The natural gas industry’s controversial bill to help it force drilling on unwilling land or mineral owners was declared dead for the session late Tuesday night.
West Virginia House leaders decided not to put the Senate-passed measure on the agenda for the Committee on Energy, citing the limited time left in the session and inability to build a consensus of support for the legislation among either Republicans or Democrats.
“I would say it’s dead for this session,” said House Energy Chairman Bill Anderson, R-Wood. “It didn’t have a pathway forward.”
Earlier, Anderson had given supporters of Senate Bill 576 hope — and time to try to gather more votes — when he indicated it was possible House Speaker Tim Armstead, R-Kanawha, would opt for a late-night committee meeting Tuesday or a last-ditch meeting today to try to get the bill reported to the floor in time to be read on three consecutive days and voted on before the legislative session ends at midnight Saturday.
But when Tuesday evening’s floor session was wrapping up, and committee chairs were standing to announce meetings Tuesday night or today, Anderson remained in his chair and made no such announcement for the Energy panel.
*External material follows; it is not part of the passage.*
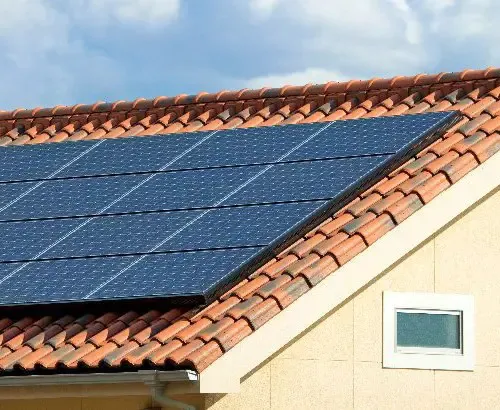 Ortiz Roofing Contractor Picture 3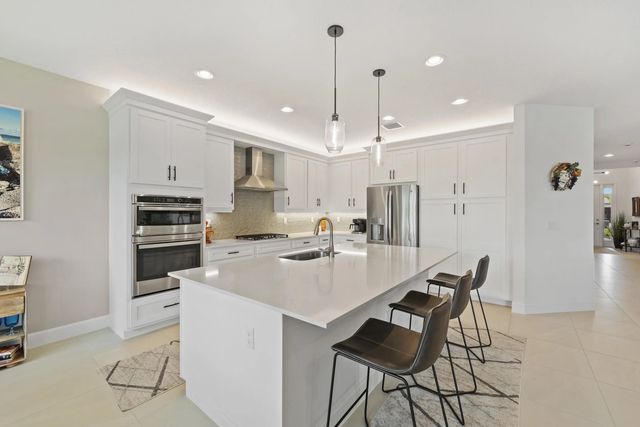 2 of 42 - 12454 Sw Alongshore Drive, Port St. Lucie, FL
Several natural gas company lobbyists, watching from the gallery and gathered outside the Chamber, declined to comment.
The drilling bill, the top priority this session for the state’s natural gas industry, contains a “co-tenancy” provision that allows drilling over the objections of a co-owner of mineral rights, unless that co-owner controls at least 25 percent of the mineral rights. In a separate section for what proponents call “joint development,” or lease integration, the bill allows companies to force adjacent gas reserves into pools for modern horizontal drilling through older leases, written when that technology wasn’t used, unless those older leases somehow specifically prohibited the practice.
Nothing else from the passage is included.